The duty in the Bill to include non-maintained settings funded by the Local Authority is welcomed. However, many under 3s are in voluntary or private sector provision so they won’t be covered.  

Provision from a qualified teachers of pupils with visual impairment (QTVI) or from qualified habilitation specialists is always necessary for every child who is blind or partially sighted. The Code of Practice must explicitly acknowledge this. The IDPs should also note this as a requirement.


In terms of the general population being blind or partially sighted is a low incident condition. It cannot reasonably be expected that a nursery, school of FEI will have the knowledge or capacity to be able to appropriately assess and meet the learning needs of a child or young person who is blind or partially sighted. For this reason, Local Authorities should always be responsible for preparing and maintaining the IDP of CYP who are blind or partially sighted. We also believe that multi-agency working should be a requirement of producing an IDP, and that the local authority should have responsibility for ensuring this happens. The Code of Practice should include guidance that in the actual production of IDPs and delivery of provision, there must be collaboration with health, social care and third sector professionals who may also be involved with the individual child or young person, and the roles of different agencies must be clear.


There are major problems with the workforce in Wales in terms of delivering services for blind and partially sighted young people. The person, who can help parents most locally, is a qualified teacher of children and young people with vision impairment (QTVI,) or a qualified habilitation specialist. They will support parents and child from birth onwards and referral should be automatic from the eye clinic. Children with vision impairment face unique challenges to learning which can only be addressed by specialist knowledge and understanding. We believe that all blind and partially sighted children and young people must receive specialist support. Whilst we are aware of good practice in the deployment of QTVIs nationally, we also know that there are a number of concerns about the service which include significant budgetary pressure on local authorities, insufficient numbers of trained, qualified and experienced, staff to meet the support needs of the reported caseload and a lack of spare capacity in Wales. All specialist teachers of working age are currently employed by specialist LA services or within resource bases and there is no access to supply cover should a specialist teacher be on sick or maternity leave. The situation is also poor in Wales in terms of the deployment of habilitation specialists. Across the whole of Wales there are only 8.6 FTE children’s habilitation specialists with 10 Local Authorities not employing any. We estimate the number employed, directly or indirectly, should be between 15 -19 FTE to meet need. It is all very well having new legislation but unless the Welsh Government sorts out


IDP must not represent a backwards step in comparison with the Statement and must have legal requirements. There must be adequate resources available for blind and partially sighted learners. We consider it a fundamental right that blind and partially sighted learners are able to access the curriculum on a par with non-disabled learners.
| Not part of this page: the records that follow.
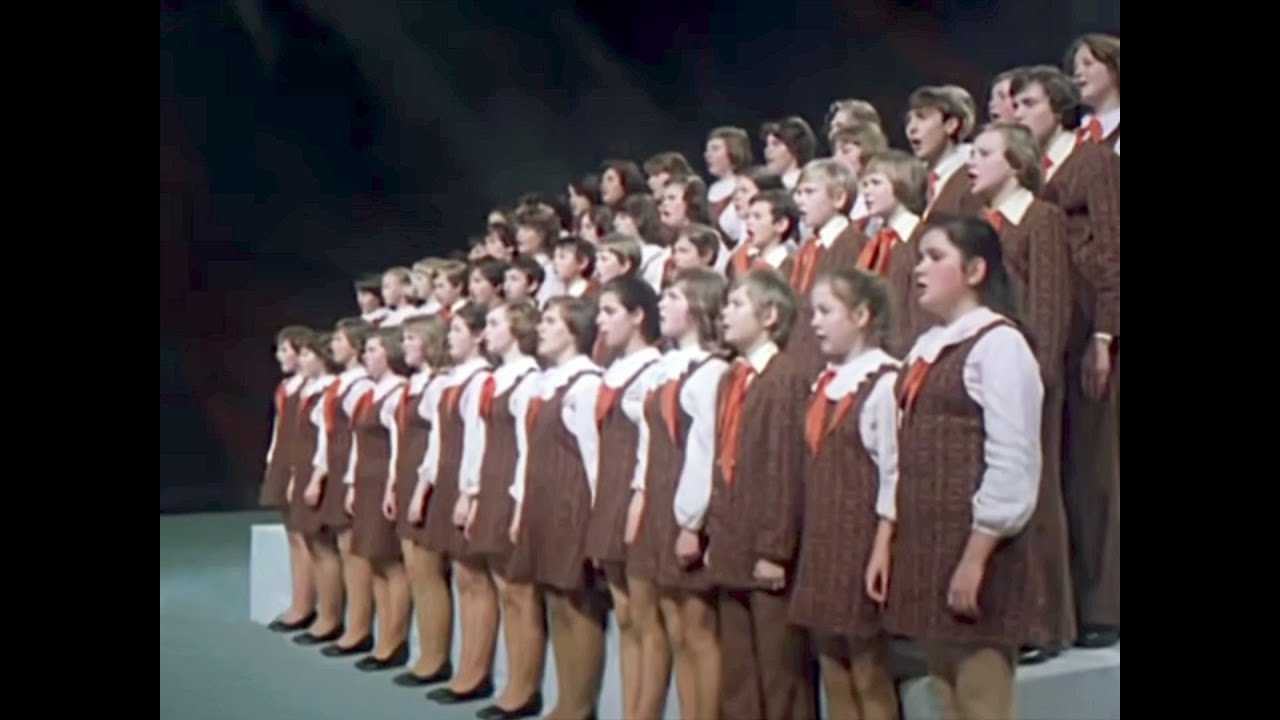 День победы слушать хор. Большой детский хор 1987 год. Песня салют Гайдару. Впереди песня видео.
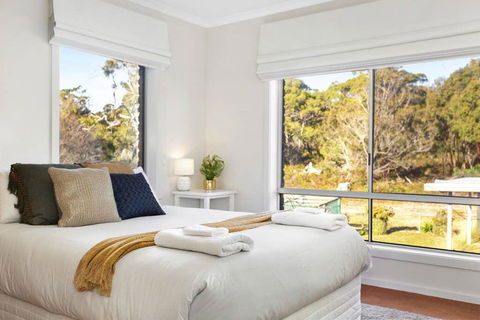 SEASIDE SERENITY 1 - Travel Search 1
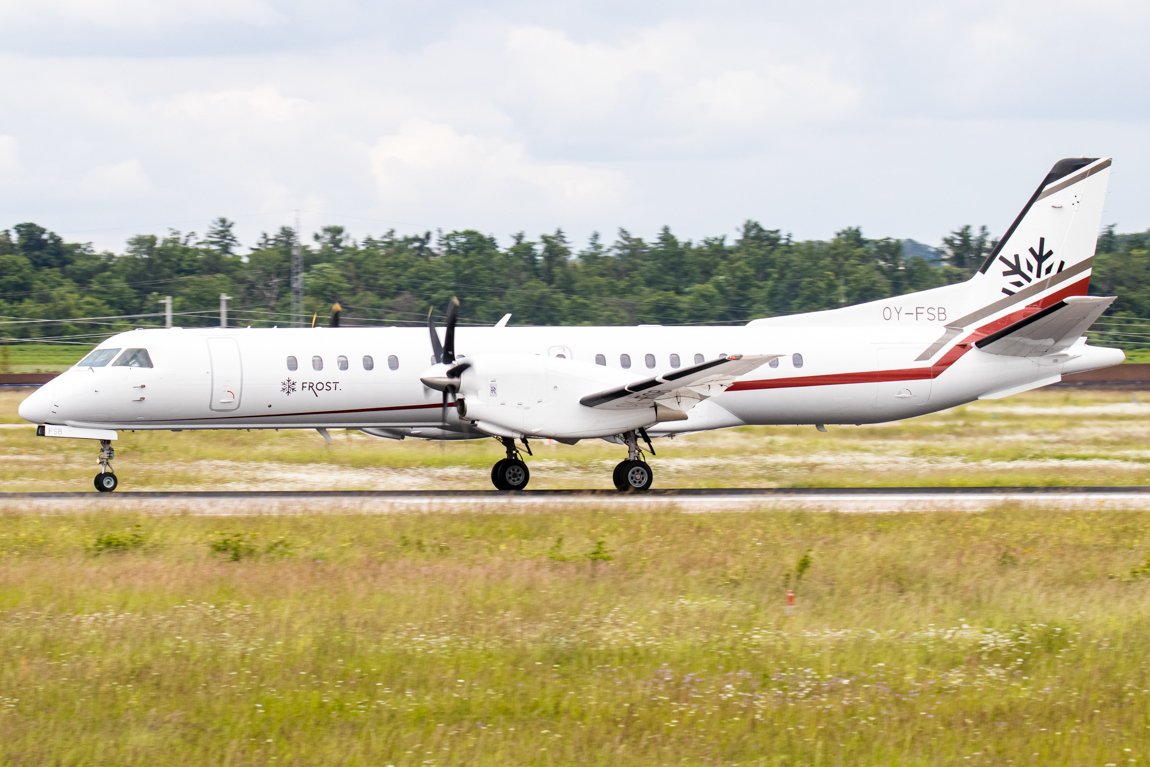 27.5.2025_Frost_OY-FSB_SB20_2.jpg
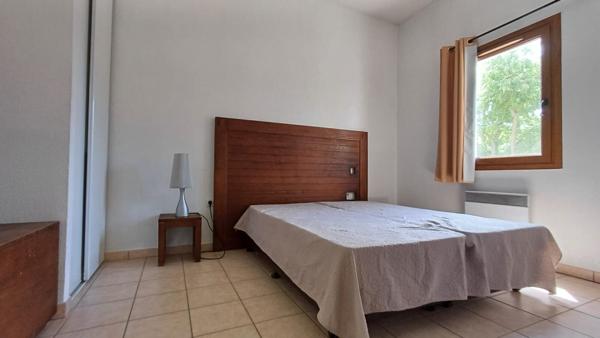 A VENDRE Appartement Uzès 3 pièce(s) 50.42 m2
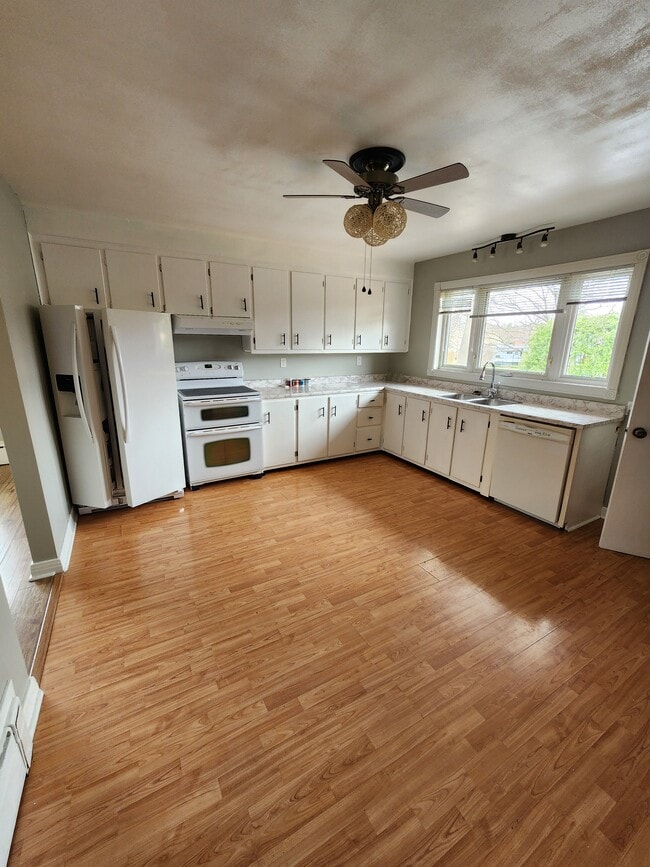 Building Photo - 1258 Cousineau St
This means having educational materials in a format they can access (braille, large print, audio or computer based), in a physical environment that promotes independence as we have already mentioned. Consideration needs to be given to how this is funded.



It would be helpful for the legislation to set out expectations about the portability of IDPs. If a child has additional learning needs, these are unlikely to change substantially, regardless of which area in Wales they live. We would anticipate that children should be able to access a similar level of support across Wales, and thus that an IDP should be portable.


We hope these comments will assist with the Committee’s inquiry.